2. La recherche de la vérité est la tâche de la science fondamentale. Le chercheur qui se meut sur ce premier versant de la science ressent toute la fascination des paroles de Saint Augustin: « Intellectum valde ama » [2], « aime beaucoup l’intelligence » et la fonction qui lui est propre, de connaître la vérité.
La science pure est un bien, digne d’être très aimé, car elle est connaissance et donc perfection de l’homme dans son intelligence. Avant même ses applications techniques, elle doit être honorée pour elle-même, comme une partie intégrante de la culture. La science fondamentale est un bien universel, que tout peuple doit pouvoir cultiver en pleine liberté par rapport à toute forme de servitude internationale ou de colonialisme intellectuel.
La recherche fondamentale doit être libre face aux pouvoirs politique et économique, qui doivent coopérer à son développement, sans l’entraver dans sa créativité ni l’asservir pour leurs propres buts. Comme toute autre vérité, la vérité scientifique n’a, en effet, de comptes à rendre qu’à elle-même et à la Vérité suprême qui est Dieu, créateur de l’homme et de toute chose.
3. Sur son second versant, la science se tourne vers les applications pratiques, qui trouvent leur plein développement dans les diverses technologies.

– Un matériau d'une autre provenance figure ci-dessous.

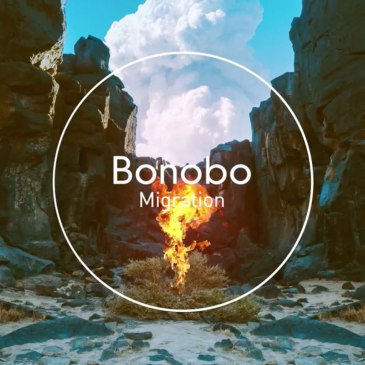 Bonobo Migration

Dans la phase de ses réalisations concrètes, la science est nécessaire à l’humanité pour satisfaire les justes exigences de la vie, et pour vaincre les différents maux qui la menacent.
Il ne fait pas de doute que la science appliquée a rendu et rendra à l’homme d’immenses services, pour peu qu’elle soit inspirée par l’amour, réglée par la sagesse, accompagnée par le courage qui la défend contre l’ingérence indue de tous les pouvoirs tyranniques. La science appliquée doit s’allier à la conscience, afin que, dans le trinôme science-technologie-conscience, ce soit la cause du vrai bien de l’homme qui soit servie.
4. Malheureusement, comme j’ai eu l’occasion de le dire dans mon encyclique Redemptor Hominis, « l’homme d’aujourd’hui semble toujours menacé par ce qu’il fabrique... C’est en cela que semble consister le chapitre principal du drame de l’existence humaine aujourd’hui » [3].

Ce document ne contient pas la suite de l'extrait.